Text messages are also a bit more time flexible. A phone call is very demanding - it rings and must be answered then and there. Text messages don’t need to be replied to instantly. While I think I’m pretty good with my response time, sometimes it simply isn’t convenient to drop everything and talk to a client. Sometimes I’m busy in my personal life and don’t want to be snapped back to ‘work mode’ by a call, or I'm in a booking and I don't take my phone into bookings as I like my dates to be undisturbed. I check my messages when I’m in the headspace to do so and happy to engage thoughtfully.

Which brings me to another point. I’m probably a nicer person in txt. Text messaging allows me the time to cooly think about my responses instead of my initial instinct sometimes which is probably much less polite when a client is rude. It’s not that I can’t be curt when I think clients aren’t showing me respect in a txt, but it’s definitely a more censored version of what might be on the tip of my tongue should someone be rude on the phone, or how short I might get if I was interrupted from doing something else or I have a mouthful of food. There isn't a lot you can pick up from my voice over the phone other than it's kinda yuck (in my opinion haha). My voice is sort of deep and my accent is a bit mixed, so there you go - now you know and you don't need to hear it.

And importantly, I think texts and emails tell me more about someone. I have heard people say 'but don't you want to hear that I'm genuine?' but yet, I learn so much more from the way someone articulates themselves in writing than how they speak. Spelling, grammar, sentence structure… they tell me so much more than tone of voice. There’s a degree of effort required in writing a text or email that a phone call just doesn’t have.
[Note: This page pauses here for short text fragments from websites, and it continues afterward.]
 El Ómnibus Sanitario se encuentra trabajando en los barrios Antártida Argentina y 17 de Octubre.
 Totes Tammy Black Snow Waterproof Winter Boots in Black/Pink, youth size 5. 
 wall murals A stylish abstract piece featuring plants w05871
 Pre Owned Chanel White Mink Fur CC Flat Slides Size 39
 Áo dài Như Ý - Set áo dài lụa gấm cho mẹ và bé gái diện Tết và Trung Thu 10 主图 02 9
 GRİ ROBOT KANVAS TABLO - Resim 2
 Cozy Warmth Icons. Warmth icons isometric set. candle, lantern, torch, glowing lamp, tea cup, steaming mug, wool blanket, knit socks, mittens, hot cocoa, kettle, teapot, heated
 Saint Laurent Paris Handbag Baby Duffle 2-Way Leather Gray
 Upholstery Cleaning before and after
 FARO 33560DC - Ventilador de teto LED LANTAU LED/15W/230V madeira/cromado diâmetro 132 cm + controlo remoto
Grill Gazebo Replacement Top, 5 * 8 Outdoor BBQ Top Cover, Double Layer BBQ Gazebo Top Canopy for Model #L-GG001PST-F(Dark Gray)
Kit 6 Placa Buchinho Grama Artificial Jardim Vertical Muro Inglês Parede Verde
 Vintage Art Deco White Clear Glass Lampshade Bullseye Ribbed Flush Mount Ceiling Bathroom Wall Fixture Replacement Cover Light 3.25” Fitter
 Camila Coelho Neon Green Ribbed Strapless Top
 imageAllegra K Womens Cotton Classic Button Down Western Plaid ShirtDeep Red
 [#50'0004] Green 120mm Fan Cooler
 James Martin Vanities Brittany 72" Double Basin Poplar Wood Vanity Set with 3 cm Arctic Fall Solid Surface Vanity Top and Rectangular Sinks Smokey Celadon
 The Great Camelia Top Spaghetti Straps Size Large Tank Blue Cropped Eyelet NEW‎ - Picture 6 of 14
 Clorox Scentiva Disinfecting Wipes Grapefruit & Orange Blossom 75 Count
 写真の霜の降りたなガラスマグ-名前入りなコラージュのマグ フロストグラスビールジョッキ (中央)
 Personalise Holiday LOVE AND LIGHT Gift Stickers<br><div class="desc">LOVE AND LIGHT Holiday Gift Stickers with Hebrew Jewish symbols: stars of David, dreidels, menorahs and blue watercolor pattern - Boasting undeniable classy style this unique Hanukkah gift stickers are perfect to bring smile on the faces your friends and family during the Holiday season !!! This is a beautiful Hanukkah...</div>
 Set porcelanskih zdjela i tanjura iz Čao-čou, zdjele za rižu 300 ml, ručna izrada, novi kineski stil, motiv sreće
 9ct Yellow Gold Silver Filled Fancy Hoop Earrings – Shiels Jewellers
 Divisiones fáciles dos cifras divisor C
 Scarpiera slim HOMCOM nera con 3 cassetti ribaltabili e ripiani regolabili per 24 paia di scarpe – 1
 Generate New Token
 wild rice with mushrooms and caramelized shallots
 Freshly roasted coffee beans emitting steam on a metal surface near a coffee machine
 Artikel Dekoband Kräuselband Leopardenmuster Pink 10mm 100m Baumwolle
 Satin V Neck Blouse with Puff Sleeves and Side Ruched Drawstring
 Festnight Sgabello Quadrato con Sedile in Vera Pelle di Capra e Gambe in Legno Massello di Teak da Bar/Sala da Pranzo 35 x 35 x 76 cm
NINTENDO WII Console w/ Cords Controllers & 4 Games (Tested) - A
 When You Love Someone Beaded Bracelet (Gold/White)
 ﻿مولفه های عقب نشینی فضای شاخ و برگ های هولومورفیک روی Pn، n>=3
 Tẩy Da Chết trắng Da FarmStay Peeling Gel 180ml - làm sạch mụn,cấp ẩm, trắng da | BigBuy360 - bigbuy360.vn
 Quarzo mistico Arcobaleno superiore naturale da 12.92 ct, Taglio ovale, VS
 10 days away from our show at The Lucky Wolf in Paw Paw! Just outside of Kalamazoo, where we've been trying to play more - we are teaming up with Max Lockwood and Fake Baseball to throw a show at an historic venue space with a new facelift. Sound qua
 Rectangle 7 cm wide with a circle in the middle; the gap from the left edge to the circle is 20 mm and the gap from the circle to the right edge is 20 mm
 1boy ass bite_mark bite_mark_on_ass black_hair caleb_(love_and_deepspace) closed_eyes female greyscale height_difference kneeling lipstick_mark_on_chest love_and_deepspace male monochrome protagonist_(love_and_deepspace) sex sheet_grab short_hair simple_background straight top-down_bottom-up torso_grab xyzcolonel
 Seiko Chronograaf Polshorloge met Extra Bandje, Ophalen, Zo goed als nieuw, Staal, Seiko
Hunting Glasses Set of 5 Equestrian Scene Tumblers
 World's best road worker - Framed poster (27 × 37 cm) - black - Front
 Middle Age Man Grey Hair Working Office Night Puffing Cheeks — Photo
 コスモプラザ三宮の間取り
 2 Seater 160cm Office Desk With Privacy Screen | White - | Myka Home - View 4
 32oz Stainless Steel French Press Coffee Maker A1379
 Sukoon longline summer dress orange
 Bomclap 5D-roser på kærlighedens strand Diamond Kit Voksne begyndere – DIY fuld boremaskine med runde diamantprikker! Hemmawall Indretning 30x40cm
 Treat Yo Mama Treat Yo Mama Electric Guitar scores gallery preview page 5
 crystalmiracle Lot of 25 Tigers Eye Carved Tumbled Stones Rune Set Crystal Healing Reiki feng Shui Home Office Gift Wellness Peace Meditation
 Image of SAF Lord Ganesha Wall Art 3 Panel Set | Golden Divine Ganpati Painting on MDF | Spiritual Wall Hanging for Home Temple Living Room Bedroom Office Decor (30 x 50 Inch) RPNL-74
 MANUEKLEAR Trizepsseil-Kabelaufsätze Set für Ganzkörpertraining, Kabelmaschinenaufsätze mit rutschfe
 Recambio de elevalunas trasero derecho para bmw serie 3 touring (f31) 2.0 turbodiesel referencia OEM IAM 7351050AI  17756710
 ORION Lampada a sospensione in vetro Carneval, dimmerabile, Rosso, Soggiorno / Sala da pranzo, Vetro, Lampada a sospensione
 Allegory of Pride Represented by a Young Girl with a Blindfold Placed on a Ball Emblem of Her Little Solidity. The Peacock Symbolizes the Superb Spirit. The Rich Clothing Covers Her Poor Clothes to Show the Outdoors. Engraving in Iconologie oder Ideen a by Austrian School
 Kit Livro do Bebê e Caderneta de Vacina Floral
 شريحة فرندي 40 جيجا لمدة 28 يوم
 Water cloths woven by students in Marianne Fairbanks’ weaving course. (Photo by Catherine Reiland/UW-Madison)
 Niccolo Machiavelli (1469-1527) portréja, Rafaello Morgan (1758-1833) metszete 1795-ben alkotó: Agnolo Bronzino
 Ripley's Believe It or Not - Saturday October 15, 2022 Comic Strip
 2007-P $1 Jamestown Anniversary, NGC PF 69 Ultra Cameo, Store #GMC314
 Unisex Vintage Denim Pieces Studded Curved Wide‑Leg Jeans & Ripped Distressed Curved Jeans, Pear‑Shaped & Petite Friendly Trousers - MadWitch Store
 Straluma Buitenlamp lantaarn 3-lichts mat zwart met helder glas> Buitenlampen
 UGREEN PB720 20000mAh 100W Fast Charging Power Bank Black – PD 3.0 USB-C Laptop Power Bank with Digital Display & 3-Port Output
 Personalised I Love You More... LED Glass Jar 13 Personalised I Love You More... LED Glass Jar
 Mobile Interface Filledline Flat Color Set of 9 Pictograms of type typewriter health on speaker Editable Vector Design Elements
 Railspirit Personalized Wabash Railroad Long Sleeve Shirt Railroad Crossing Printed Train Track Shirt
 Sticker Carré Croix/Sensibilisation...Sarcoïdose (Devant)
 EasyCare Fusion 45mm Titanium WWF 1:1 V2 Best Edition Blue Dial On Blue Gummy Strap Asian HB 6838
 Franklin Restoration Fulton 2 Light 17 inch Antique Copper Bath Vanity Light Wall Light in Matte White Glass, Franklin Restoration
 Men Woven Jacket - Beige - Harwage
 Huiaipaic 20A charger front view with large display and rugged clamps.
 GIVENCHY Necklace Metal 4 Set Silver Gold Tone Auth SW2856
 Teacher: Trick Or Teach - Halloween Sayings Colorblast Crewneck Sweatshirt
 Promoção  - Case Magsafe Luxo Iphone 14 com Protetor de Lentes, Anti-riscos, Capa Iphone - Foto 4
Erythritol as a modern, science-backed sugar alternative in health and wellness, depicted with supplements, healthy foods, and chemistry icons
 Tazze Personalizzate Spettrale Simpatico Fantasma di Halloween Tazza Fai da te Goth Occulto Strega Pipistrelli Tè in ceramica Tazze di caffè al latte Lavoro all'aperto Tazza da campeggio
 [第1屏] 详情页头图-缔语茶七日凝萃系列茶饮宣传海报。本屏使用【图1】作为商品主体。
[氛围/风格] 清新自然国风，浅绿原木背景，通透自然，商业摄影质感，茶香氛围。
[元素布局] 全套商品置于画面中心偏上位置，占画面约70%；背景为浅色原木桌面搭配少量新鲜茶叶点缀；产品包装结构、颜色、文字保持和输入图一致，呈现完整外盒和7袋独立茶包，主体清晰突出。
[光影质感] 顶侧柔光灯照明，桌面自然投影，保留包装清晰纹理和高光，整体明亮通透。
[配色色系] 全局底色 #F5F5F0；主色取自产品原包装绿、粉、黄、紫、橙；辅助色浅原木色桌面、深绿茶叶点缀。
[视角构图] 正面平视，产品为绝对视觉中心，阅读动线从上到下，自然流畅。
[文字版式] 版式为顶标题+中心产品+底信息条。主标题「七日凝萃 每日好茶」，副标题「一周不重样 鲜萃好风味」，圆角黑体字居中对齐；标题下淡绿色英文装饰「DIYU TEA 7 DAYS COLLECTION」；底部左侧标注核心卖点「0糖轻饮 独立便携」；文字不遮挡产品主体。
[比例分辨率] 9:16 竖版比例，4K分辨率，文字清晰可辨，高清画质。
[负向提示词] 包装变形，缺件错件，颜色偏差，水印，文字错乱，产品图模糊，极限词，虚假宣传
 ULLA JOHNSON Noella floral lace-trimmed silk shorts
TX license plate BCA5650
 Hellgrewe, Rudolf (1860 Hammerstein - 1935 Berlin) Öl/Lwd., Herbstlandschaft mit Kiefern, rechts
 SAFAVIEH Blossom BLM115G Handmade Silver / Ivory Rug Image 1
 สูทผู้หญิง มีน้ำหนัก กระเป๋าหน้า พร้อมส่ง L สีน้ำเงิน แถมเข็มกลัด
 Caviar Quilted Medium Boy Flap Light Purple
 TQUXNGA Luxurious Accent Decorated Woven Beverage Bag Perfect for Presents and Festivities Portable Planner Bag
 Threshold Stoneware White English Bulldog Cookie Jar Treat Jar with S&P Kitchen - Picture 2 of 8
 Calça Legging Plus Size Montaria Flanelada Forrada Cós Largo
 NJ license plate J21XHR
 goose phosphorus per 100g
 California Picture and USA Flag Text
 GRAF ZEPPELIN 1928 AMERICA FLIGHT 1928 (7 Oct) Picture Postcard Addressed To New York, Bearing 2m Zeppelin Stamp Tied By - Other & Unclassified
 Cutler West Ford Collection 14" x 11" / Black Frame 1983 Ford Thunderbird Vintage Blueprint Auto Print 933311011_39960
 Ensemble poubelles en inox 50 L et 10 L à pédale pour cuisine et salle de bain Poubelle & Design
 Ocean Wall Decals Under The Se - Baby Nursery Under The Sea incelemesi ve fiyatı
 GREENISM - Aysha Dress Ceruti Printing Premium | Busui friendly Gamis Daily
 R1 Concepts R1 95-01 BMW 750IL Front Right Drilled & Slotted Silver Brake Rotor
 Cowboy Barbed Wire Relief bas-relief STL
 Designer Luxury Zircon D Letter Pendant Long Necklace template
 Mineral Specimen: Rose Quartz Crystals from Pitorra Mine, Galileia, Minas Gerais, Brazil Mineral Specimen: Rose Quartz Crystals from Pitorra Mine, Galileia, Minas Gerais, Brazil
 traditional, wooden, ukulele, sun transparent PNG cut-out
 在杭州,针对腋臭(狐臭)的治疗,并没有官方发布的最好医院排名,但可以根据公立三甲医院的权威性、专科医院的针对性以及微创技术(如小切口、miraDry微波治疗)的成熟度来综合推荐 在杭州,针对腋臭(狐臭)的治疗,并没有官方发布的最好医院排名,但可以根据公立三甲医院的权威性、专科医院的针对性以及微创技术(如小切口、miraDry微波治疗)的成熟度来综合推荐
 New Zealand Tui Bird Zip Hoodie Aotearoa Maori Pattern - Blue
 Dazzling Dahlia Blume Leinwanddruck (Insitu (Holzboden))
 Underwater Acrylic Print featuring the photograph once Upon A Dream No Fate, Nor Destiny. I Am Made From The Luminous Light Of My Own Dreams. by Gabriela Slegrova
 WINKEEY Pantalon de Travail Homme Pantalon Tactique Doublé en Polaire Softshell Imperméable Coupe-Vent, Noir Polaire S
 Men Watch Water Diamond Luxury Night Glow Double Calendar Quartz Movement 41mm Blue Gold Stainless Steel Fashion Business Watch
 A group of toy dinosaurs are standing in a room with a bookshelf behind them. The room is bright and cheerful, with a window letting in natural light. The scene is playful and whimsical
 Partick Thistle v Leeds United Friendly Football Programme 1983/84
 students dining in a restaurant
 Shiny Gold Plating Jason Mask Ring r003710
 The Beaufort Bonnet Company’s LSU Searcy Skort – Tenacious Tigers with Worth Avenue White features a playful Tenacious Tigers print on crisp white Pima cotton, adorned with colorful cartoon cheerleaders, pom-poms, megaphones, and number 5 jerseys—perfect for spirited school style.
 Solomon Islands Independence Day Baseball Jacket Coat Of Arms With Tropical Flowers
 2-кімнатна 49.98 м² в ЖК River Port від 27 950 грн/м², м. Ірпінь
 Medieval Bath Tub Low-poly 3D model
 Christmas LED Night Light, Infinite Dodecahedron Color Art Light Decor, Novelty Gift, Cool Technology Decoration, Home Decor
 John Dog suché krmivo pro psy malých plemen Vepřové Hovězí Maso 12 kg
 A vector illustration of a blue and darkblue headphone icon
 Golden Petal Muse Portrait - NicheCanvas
The ease and speed of calls makes people lazy. I also think a voice can be wrongly misconstrued if someone is nervous - and I think those with nerves also would prefer to sit down and take the time to carve out their enquiry rather than stumbling their words or hurriedly trying to get the contact over with. My voice may also be misconstrued if I’m multi-tasking or unable to give my 100% attention to someone over the phone. I can multi-task text like a pro however, I guess I'm a product of my generation in that regard lol.

Another thing I love about being firm with my contact method, is that having these specific instructions for contact such as ‘text only’ is a test in itself that helps me screen out time wasters. I have a call blocking app on my phone, which then automatically sends a text asking them to text as advertised. It never turns into a booking though, because if they didn’t read my ad to know to txt in the first place, they were never really a genuine enquiry to begin with. Either that or they did read it and purposely ignored it, which is worse and the kind of shitty behaviour that I do not want to invite into my house.

When I receive a text message as requested, or sometimes an email, that has a degree of effort involved such as a brief introduction, uses my name (rather than 'babe' etc) and an outline of where, when and what he is looking for, I know straight away that he is genuinely interested in my business and respects me and what I do. What a wonderful way to begin such a personal encounter. Mutual respect and understanding is the basic foundations of sex work being a healthy and enjoyable industry for all parties. It begins here, in a text, in an email, well before it ever begins in bed.